Mushroom Ragout
Servings 15 cups
Equipment
- 1 Medium Sauce Pan — hold 5 cups of water
- 1 Dutch Oven
- 1 Sieve — fine mesh strainer
- 1 Cheesecloth
Ingredients
- 3 lbs Shiitake Mushrooms — stems removed, caps sliced 1/4 inch
- 1/2 cup Olive Oil
- 10 cloves Garlic — smashed and peeled
- 2 lbs Portobello Mushrooms
- 3 tsp Kosher Salt — more to taste
- 5 lbs White Mushrooms — sliced 1/4 inch thick
- 2 cups Chicken Broth — low sodium
- 1 tsp Sherry Vinegar
- 1/4 cup Fresh Thyme Leaves
- 1/4 cup Fresh Parsley — minced
- 2 tsp Smoked Paprika — to taste
- 2 Shallots — finely chopped
- 3 tsp Mixed Peppercorns –freshly ground to medium
Instructions
- Cover the shiitake stems with 5 cups of water in a medium sauce pan and bring to a boil.
- Reduce temperature to a simmer for 20 minutes. Strain through a sieve lined with a cheesecloth. Discard stems and reserve mushroom water for future use.
- In Dutch Oven, heat olive oil on medium heat. Add garlic and toss.
- Add shallot and reduce heat to low. Cook, stirring frequently until shallots are soft.
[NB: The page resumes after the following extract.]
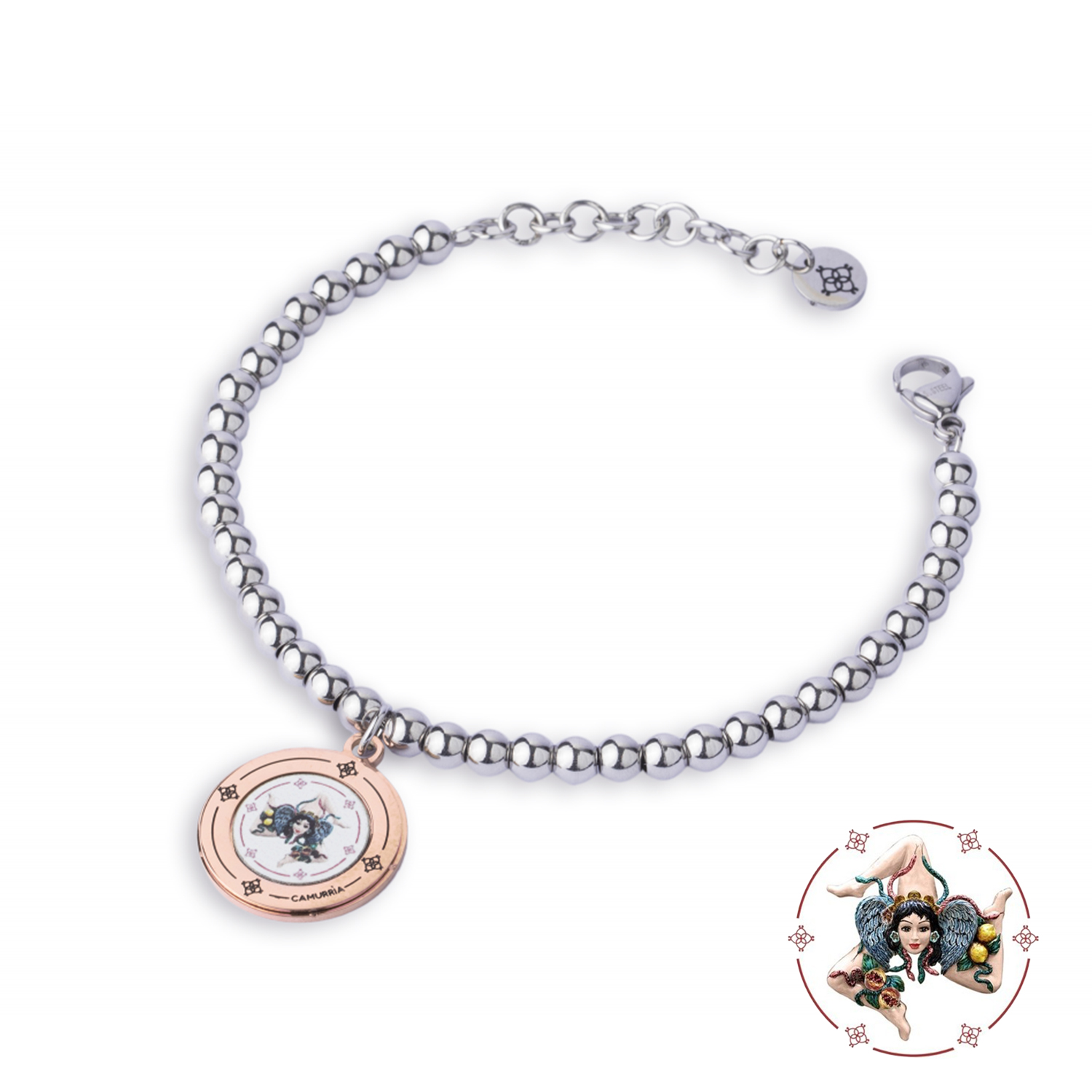 BRACCIALE PALLINATO ""A TRINACRIA""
Approximately 5 minutes.
- Add the portobello mushrooms, 1 tsp of salt and pepper, toss and cook for 3 minutes, stirring occasionally.
- Add the shiitake mushrooms, 1 tsp of salt and pepper, toss and cover for 5 minutes.
- Add white mushrooms, 1 tsp of salt and pepper, toss and cover for 5 minutes.
- Add chicken broth and simmer for 15 minutes.
- Add sherry vinegar, and adjust salt and pepper to taste.
- Add thyme, parsley, and cook over medium heat for 10 minutes until mushrooms are tender and most of the liquid has been absorbed.